Competition's team-building value

Many debate the "right" way to do team-building. Some feel it's best to pit individual against individual, the thinking being that the team's success depends on individual accomplishments. Certain sporting events are structured that way:  singles tennis team tournaments, Olympic skiing, track, and bowling, for example.

Others suggest that groups working together in competition with similar, rival groups best promote team work. The idea is that the team only succeeds if the team communicates, supports each other, even sacrifices their own glory for the good of the team. Sports following this model include baseball, football, hockey, and soccer.

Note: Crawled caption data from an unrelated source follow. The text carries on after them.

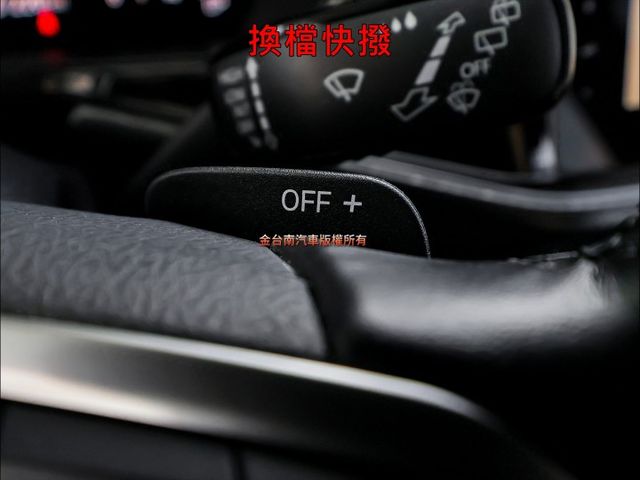 23年式23年領牌✓一手車✓只跑4.2萬✓原廠保養✓全車原板件✓ACC✓AEB✓無線CARPLAY✓倒車顯影✓可全貸✓  第13張相片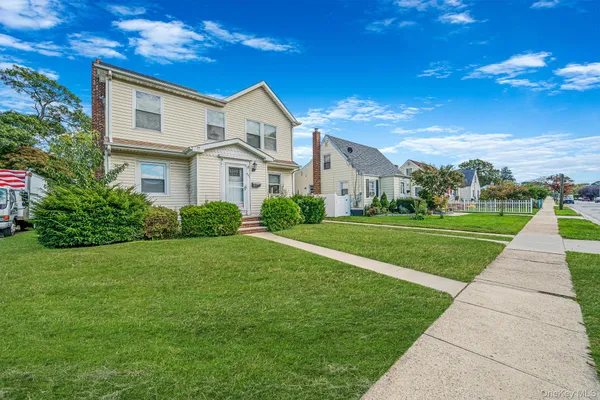 321 MAPLEGROVE AVE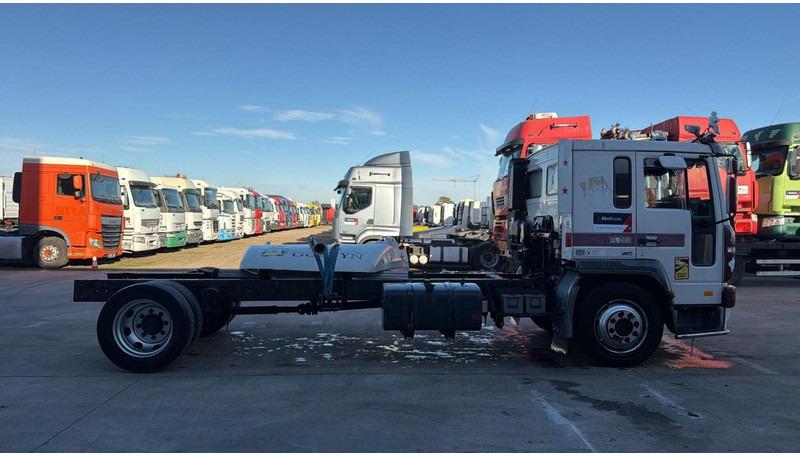 Volvo FL 6 - 220 (MANUAL GEARBOX / BOITE MANUELLE / 8 TONNES) - Шаси кабина: снимка 3 Volvo FL 6 - 220 (MANUAL GEARBOX / BOITE MANUELLE / 8 TONNES) - Шаси кабина: снимка 3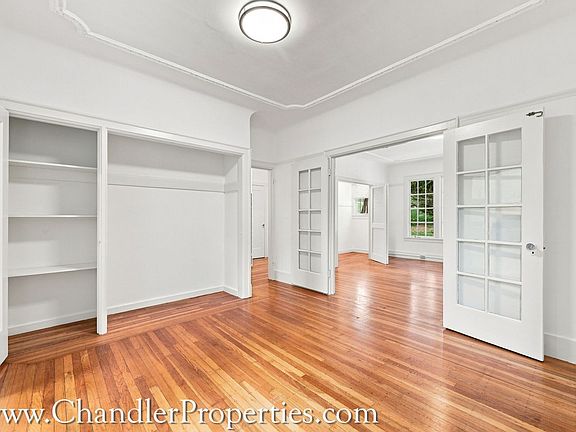 5th image of 605 Scott St APT 1
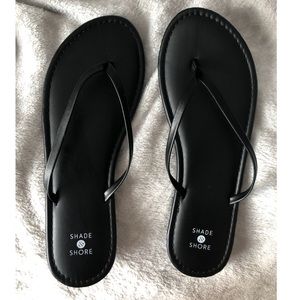 Faux leather flipflops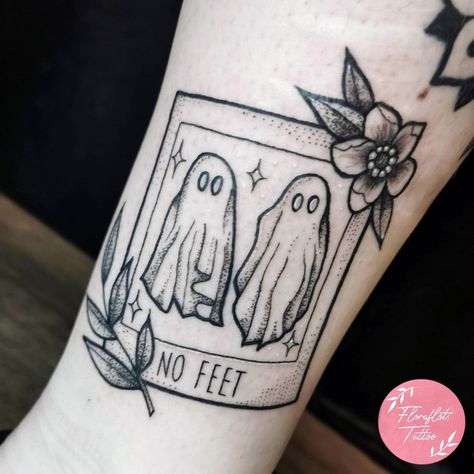 Tattoo Ideas Beetlejuice, Beetlejuice Couple Tattoo, Beetlejuice Polaroid Tattoo, Beetlejuice No Feet Tattoo, Photo Booth Tattoo, Gothic Tattoo Patchwork, Beetlejuice House Tattoo, Beatle Juice Tattoos, Ghost Arm Tattoo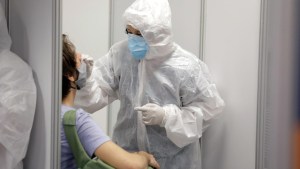 Qué es flurona, la doble infección que preocupa en Israel y registró cuatro casos en Brasil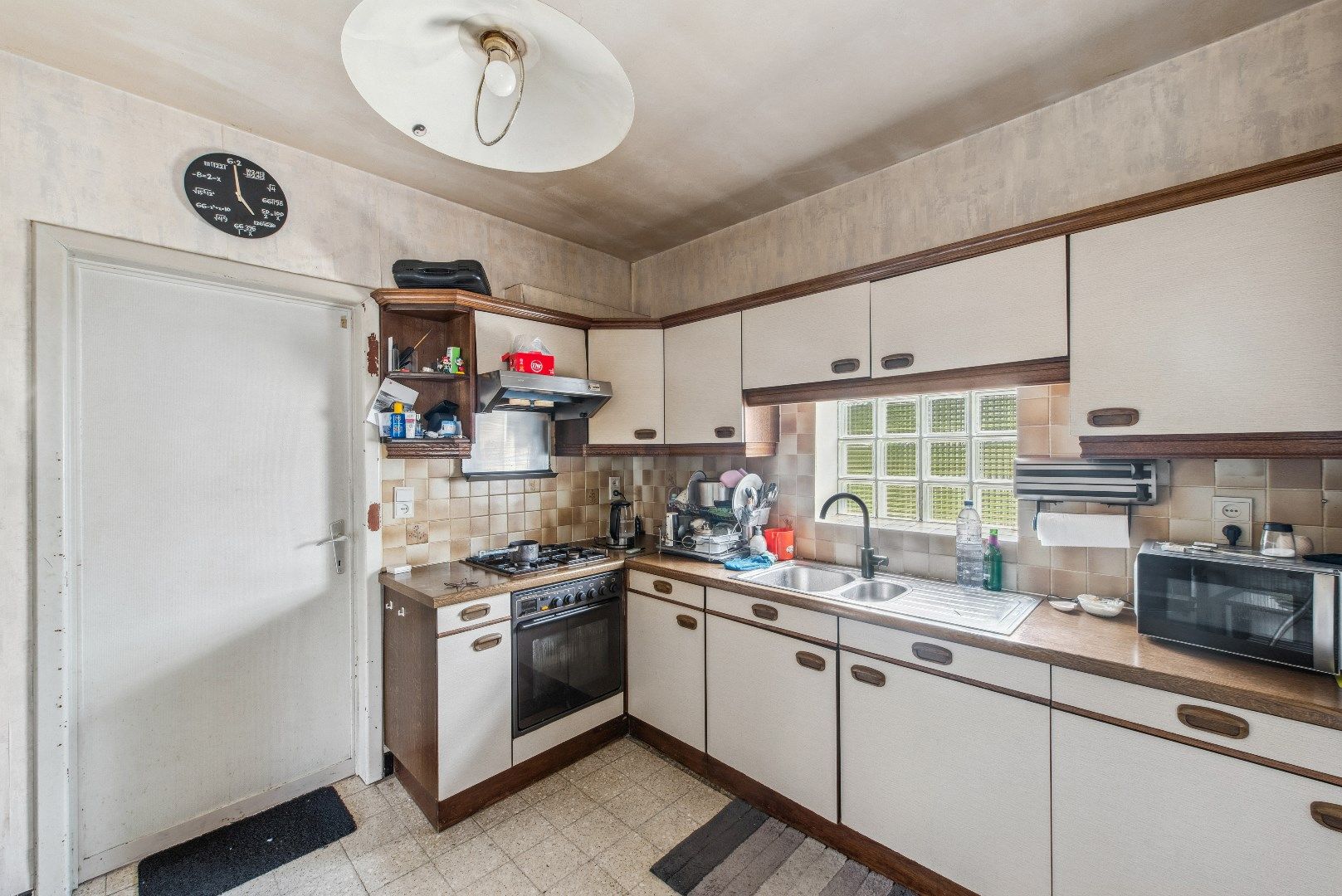 Alleenstaande woning op 14a 42ca met 3 grote slpks en garage foto 11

What both models share in common is the idea that competition itself provides extra energy and incentive to win. In baseball, for example, there is extra excitement when key rivals play, such as the New York Yankees and Boston Red Sox. Even better is when, as is the case this season, the two teams are locked in a neck-and-neck race all season long for first place.

When that happens, exceptional efforts emerge from unlikely sources to help the team win. In the last 3-game matchup between the Bronx Bombers and the Beantown Boys, the heroes were named Swisher, Ellsbury and Reddick - hardly household names like Jeter, A-Rod, Ortiz and Gonzales.

Competition is valuable. But what kind do you want on your team - one in which your team's stars try to best one another, giving one performer all of the glory? Or one in which the glory goes to the team as a whole?